Not that we suggest Rincewind would ever take anything which
strictly didn't belong to him...
In keeping the lid on unofficial crime they have turned out to be
far more efficient than the Watch, who could only cut crime by
working harder - the Guild on the other hand, have only to work
less.
Beggars' Guild
This is the oldest Guild in Ankh-Morpork. And also the richest,
since the beggars never buy anything they can beg.
Classes of beggars include: Twitchers, Droolers, Dribblers,
Mumblers, Mutterers, Walking-Along-Shouters, Demanders of a Chip,
People who call other people Jimmy, People who need Tuppence for a
Cup of Tea, People who need Eightpence for a Meal, People with
placards saying 'Why lie? I need a beer' and Foul Ole Ron, agreed
by his fellow beggars to be in a class by himself if only because
no one will share it with him.
Such money as the beggars make, it must be stressed, is entirely
obtained by (1) begging and (2) not begging.
(1) is self-explanatory. (2) owes a lot to what might be called the
Ankh-Morpork view of social economics. You clearly don't want a lot
of beggars hanging around at your wedding or other salubrious
occasions, so the accepted thing to do is send the Guild a small
sum of money and a kind of anti-invitation, which sees to it that
men with interesting running sores and a body odour you could split
wood with do not turn up.
Members of more advanced branches of the Guild even offer a Direct
Debit service, whereupon, on a regular basis, they will debit your
pocket of an agreed upon sum of money, without you even needing to
lift a hand.
Assassins Guild
The gates to the Assassins' Guild are said never to be shut,
because Death is open for business all the time, although the
reality is that the hinges rusted centuries ago.
The Assassins' Guild offers the best all-round education in the
world. A qualified assassin should be at home in any company, and
be able to play at least one musical instrument.

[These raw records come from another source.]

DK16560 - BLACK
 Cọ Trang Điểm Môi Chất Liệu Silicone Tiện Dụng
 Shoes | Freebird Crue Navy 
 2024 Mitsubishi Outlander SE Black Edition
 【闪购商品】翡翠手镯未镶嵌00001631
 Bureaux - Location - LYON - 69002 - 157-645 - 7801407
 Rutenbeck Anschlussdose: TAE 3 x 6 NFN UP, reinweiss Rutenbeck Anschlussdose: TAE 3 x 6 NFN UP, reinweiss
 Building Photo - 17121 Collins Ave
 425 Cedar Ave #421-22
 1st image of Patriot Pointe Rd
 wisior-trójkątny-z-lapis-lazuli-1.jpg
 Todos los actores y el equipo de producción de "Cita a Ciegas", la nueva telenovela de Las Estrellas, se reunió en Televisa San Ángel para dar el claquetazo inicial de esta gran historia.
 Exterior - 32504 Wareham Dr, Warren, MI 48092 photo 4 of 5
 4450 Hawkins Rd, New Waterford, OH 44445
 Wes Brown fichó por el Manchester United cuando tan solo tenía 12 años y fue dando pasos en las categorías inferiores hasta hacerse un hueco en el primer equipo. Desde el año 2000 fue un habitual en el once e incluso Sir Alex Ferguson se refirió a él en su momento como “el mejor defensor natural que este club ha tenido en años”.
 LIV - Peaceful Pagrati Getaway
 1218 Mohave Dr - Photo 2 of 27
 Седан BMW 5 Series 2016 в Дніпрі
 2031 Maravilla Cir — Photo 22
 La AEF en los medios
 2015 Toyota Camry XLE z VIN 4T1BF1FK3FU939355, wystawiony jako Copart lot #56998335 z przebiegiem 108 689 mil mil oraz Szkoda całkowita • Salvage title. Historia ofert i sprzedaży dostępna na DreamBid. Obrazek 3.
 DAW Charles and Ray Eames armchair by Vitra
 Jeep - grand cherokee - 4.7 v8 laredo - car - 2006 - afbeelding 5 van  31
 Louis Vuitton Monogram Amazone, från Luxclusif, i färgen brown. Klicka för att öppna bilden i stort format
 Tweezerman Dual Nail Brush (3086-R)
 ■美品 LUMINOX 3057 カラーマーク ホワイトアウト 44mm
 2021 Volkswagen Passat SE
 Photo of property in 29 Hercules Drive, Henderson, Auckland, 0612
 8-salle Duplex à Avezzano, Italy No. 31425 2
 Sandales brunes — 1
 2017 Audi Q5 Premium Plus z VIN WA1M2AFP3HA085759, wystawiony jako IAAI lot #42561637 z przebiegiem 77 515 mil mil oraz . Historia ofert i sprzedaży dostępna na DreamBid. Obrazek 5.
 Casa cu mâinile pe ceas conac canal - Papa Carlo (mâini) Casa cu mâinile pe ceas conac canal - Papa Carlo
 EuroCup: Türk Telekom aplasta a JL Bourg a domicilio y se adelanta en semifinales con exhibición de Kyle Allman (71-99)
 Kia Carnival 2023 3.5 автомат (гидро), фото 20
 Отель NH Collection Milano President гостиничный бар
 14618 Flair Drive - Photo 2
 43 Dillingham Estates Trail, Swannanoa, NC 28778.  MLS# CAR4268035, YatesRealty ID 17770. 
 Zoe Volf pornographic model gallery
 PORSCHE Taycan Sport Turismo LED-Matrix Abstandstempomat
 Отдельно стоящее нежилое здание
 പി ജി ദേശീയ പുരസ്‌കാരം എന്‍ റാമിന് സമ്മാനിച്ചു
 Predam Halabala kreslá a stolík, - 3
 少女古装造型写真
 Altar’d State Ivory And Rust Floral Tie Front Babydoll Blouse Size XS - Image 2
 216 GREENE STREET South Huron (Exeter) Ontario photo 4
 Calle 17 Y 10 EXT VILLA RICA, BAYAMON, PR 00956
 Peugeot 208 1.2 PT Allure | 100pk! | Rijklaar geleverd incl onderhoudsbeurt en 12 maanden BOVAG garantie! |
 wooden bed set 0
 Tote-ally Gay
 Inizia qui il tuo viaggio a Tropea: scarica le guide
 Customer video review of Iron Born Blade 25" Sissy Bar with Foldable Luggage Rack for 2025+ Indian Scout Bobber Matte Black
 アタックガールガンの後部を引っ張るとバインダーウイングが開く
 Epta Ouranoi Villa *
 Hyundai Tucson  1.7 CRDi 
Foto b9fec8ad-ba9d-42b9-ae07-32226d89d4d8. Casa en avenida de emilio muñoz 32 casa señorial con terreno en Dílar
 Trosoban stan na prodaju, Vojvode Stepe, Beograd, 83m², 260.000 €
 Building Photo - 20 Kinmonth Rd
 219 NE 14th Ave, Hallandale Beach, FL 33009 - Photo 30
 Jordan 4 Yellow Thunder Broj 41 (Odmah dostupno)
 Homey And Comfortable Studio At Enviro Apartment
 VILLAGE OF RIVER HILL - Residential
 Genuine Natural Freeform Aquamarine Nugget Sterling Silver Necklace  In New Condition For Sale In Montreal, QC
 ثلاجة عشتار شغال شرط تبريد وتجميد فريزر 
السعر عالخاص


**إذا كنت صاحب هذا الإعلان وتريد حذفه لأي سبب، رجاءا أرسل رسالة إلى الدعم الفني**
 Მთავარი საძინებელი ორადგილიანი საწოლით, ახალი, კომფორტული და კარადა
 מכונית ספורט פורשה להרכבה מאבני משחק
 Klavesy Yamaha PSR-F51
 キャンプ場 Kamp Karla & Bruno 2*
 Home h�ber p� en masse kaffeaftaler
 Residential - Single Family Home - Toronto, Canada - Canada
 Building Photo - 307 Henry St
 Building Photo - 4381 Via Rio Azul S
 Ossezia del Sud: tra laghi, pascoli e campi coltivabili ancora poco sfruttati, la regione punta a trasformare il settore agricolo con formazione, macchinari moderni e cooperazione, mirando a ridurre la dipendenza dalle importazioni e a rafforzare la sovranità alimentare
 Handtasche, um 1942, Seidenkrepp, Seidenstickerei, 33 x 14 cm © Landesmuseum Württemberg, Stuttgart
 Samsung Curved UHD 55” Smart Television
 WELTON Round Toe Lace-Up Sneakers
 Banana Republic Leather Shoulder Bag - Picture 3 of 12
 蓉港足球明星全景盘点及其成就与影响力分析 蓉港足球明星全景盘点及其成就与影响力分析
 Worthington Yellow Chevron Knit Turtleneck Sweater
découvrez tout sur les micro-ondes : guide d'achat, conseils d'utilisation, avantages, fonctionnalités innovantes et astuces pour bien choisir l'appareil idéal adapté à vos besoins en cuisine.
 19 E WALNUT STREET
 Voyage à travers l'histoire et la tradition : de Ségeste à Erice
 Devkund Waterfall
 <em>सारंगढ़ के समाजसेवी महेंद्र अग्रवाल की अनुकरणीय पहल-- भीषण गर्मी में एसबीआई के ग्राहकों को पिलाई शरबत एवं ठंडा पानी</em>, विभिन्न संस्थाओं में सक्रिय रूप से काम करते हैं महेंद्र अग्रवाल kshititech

Anyone inhumed by
a graduate of the Guild school can go to his rest satisfied that he
has been annulled by someone of taste and discretion, and probably
also a social equal.
Alchemists' Guild
The Alchemists' Guildhall is always new, having a tendency to be
explosively demolished on a regular basis.
This tiny, despised Guild largely devotes itself to the aid of
widows and orphans of those alchemists who had taken an overly
relaxed attitude to potassium cyanide or who had distilled the
juice of some interesting fungi and had drunk the result. There are
in fact not very many widows and orphans, mainly because women find
it difficult to grow attached to people who have laminated
themselves across the ceiling.
Fools' Guild
The Guild of Fools and Joculators and College of Clowns is one of
the more recent Ankh-Morporkian guilds.
As with most of the Guilds it is also a hospital, craft standards
enforcer, fraternal society and school - although unlike the other
Guilds it will not accept for education boys not firmly apprenticed
to clownship or Foolhardiness. This is a place that takes the
business of a custard pie in the face very seriously.
Guards
Every fantasy city needs its city guard. Unfortunately, the
self-governing Thieves' Guild has left Ankh-Morpork's city guard
with next to nothing to do.
Still - every fantasy city has to have its guards!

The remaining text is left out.